RFC2136: Document DNS-over-TLS

Add a note about the TLS flags to the RFC2136 Tutorial.
kubernetes-sigs · Oct 24, 2023 · 78effd8 · 78effd8
1 parent 696d499
commit 78effd8
Showing 1 changed file with 12 additions and 0 deletions.
diff --git a/docs/tutorials/rfc2136.md b/docs/tutorials/rfc2136.md
@@ -399,3 +399,15 @@ However, it also determines the name of the Kerberos principal which is used dur
 This means that Active Directory might only work if this is set to a specific domain name, possibly leading to errors like this:
 `KDC_ERR_S_PRINCIPAL_UNKNOWN Server not found in Kerberos database`.
 To fix this, try setting `--rfc2136-host` to the "actual" hostname of your DNS server.
+
+## DNS Over TLS (RFCs 7858 and 9103)
+
+If your DNS server does zone transfers over TLS, you can instruct `external-dns` to connect over TLS with the following flags:
+
+ * `--rfc2136-use-tls` Will enable TLS for both zone transfers and for updates.

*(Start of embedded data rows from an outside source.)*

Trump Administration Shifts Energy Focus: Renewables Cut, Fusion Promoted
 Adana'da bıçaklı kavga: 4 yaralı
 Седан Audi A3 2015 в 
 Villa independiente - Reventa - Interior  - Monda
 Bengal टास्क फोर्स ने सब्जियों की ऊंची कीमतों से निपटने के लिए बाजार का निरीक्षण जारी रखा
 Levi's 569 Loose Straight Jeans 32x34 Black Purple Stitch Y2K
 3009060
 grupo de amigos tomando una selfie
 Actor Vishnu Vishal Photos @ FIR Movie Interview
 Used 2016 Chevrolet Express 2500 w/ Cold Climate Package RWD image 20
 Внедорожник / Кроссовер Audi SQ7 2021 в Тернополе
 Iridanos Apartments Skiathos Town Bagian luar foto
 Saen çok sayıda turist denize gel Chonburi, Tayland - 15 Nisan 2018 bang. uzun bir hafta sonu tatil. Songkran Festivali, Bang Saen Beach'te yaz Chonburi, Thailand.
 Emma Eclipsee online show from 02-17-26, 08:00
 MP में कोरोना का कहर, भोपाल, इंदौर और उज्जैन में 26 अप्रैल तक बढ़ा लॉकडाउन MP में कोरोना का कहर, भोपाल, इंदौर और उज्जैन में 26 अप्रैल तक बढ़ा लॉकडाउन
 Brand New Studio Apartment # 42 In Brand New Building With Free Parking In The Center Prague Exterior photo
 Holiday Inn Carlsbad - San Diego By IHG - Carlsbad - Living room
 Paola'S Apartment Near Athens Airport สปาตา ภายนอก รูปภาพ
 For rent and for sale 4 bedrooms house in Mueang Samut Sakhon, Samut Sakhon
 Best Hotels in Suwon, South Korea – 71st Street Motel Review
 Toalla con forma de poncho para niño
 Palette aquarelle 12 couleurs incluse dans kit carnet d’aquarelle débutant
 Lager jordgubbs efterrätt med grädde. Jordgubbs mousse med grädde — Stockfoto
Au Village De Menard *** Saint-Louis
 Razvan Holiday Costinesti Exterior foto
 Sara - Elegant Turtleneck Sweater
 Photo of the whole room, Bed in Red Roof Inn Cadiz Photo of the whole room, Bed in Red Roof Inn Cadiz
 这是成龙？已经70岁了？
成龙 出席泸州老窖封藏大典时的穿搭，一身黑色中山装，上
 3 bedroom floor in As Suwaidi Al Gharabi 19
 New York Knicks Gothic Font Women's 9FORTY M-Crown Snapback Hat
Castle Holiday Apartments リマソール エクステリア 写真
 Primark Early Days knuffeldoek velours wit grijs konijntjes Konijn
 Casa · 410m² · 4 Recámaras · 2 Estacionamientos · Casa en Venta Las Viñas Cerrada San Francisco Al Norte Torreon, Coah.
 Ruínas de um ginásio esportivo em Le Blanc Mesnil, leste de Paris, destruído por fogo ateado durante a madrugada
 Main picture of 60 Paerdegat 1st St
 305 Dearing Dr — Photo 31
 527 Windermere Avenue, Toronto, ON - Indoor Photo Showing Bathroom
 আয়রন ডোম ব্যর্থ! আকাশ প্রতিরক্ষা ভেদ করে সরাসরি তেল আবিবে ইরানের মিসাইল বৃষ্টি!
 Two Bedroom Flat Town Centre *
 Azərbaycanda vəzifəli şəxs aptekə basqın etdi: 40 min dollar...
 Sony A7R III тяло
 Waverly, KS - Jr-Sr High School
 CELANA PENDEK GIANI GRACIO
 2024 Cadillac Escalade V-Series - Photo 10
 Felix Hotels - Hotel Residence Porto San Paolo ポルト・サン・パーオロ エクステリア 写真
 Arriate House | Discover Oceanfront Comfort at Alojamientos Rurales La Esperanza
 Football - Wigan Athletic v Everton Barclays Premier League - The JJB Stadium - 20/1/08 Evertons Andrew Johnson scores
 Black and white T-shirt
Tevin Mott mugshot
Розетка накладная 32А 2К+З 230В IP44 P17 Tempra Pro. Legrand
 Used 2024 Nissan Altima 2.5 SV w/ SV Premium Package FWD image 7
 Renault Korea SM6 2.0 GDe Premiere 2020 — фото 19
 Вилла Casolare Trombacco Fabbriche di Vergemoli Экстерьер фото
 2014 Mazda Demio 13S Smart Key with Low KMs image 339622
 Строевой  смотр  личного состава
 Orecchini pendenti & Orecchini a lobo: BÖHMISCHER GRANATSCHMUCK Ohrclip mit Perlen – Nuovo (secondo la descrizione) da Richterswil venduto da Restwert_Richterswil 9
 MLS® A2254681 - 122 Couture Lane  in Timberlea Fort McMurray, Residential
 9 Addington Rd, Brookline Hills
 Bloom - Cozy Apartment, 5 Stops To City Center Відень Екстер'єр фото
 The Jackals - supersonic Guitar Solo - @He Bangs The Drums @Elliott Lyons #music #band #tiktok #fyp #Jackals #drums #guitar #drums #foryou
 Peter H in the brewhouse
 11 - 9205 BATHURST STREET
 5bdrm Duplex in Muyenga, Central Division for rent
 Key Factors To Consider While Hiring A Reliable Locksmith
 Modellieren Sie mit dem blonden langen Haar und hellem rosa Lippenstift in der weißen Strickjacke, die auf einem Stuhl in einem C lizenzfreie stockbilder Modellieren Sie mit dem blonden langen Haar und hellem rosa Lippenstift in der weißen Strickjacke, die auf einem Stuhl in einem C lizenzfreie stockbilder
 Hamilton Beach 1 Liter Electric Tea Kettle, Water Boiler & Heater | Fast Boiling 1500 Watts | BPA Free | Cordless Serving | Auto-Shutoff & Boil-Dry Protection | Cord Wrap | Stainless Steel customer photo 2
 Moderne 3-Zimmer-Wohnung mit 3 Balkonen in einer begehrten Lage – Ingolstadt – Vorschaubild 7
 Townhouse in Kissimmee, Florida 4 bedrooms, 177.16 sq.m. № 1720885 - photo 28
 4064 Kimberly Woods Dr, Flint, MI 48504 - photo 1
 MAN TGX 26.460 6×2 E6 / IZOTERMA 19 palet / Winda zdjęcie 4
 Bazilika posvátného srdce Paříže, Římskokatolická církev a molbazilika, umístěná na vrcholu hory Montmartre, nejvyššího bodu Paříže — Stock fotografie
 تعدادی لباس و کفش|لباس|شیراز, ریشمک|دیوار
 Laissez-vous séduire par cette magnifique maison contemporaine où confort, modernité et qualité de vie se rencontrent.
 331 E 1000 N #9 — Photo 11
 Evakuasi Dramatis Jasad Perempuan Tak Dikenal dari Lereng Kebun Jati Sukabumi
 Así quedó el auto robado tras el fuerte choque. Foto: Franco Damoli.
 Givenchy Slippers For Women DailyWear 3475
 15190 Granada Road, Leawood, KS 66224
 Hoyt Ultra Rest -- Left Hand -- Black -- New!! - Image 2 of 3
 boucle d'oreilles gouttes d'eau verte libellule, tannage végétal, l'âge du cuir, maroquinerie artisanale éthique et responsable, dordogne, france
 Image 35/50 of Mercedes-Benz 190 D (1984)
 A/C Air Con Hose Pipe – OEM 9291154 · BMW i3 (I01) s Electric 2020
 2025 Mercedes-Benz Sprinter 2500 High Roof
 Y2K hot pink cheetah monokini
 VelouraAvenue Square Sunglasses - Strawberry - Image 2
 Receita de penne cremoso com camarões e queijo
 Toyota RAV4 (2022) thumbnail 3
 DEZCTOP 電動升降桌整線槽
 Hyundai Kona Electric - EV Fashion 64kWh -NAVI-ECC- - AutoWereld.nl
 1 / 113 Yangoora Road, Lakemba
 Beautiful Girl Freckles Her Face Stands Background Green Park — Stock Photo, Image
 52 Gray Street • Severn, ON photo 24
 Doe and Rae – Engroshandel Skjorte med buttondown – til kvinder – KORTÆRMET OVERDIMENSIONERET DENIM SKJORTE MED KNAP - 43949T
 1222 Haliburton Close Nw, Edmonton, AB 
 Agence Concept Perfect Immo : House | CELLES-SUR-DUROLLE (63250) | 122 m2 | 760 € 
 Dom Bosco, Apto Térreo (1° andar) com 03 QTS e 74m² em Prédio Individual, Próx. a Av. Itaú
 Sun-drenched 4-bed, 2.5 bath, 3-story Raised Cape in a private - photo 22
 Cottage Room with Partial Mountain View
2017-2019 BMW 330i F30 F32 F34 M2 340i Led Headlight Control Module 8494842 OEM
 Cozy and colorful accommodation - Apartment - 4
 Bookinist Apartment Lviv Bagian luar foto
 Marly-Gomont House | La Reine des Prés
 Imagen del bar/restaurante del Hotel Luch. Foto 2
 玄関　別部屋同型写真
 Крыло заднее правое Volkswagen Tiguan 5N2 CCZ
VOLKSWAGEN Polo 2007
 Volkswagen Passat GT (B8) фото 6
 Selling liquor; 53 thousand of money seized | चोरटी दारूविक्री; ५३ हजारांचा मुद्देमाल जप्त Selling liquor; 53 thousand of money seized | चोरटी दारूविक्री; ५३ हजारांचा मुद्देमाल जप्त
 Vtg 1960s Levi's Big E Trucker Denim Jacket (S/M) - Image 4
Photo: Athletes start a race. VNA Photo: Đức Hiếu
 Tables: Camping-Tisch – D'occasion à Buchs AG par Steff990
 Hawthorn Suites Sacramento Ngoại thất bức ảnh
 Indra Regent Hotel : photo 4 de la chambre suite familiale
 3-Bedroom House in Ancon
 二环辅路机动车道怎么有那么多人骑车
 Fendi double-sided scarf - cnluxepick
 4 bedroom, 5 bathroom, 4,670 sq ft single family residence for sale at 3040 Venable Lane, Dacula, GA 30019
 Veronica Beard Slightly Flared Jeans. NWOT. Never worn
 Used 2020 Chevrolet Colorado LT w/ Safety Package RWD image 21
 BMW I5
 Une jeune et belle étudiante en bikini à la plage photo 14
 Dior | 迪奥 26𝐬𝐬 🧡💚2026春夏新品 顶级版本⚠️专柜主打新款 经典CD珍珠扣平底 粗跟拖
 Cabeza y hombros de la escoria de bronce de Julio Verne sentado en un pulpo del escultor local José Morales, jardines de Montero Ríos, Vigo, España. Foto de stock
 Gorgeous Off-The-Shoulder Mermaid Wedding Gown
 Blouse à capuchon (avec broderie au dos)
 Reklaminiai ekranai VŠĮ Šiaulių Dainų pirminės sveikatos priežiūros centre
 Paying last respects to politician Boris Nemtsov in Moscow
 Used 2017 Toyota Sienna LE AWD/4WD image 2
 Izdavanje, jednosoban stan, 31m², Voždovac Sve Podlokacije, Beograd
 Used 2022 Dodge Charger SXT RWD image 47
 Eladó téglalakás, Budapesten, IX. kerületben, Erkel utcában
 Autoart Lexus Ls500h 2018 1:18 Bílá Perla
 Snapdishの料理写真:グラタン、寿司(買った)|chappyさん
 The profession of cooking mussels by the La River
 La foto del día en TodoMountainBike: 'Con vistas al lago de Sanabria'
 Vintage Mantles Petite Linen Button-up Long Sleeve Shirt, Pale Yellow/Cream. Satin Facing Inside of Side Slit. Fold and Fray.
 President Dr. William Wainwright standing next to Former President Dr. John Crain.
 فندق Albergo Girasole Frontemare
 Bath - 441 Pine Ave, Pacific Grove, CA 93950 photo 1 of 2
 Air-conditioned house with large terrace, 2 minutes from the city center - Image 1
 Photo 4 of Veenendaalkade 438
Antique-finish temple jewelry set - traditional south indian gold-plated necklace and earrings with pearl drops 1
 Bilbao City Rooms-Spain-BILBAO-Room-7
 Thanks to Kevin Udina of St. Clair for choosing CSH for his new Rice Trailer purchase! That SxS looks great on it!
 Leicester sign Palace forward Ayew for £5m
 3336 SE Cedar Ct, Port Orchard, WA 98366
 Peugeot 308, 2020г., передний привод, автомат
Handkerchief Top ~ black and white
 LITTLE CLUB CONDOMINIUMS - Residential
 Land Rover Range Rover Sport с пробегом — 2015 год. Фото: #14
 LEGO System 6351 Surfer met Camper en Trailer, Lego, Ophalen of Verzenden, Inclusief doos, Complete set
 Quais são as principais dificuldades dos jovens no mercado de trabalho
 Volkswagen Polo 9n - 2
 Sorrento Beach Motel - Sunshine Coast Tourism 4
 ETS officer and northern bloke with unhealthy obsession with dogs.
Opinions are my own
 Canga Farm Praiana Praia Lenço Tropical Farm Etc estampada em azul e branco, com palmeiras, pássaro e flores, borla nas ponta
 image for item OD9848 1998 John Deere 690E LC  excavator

+ * `--tls-ca=<cert-file>` Is the path to a file containing certificate(s) that can be used to verify the DNS server
+ * `--tls-client-cert=<client-cert-file>` and
+ * `--tls-client-cert-key=<client-key-file>` Set the client certificate and key for mutual verification
+ * `--rfc2136-skip-tls-verify` Disables verification of the certificate supplied by the DNS server.
+
+It is currently not supported to do only zone transfers over TLS, but not the updates. They are enabled and disabled together.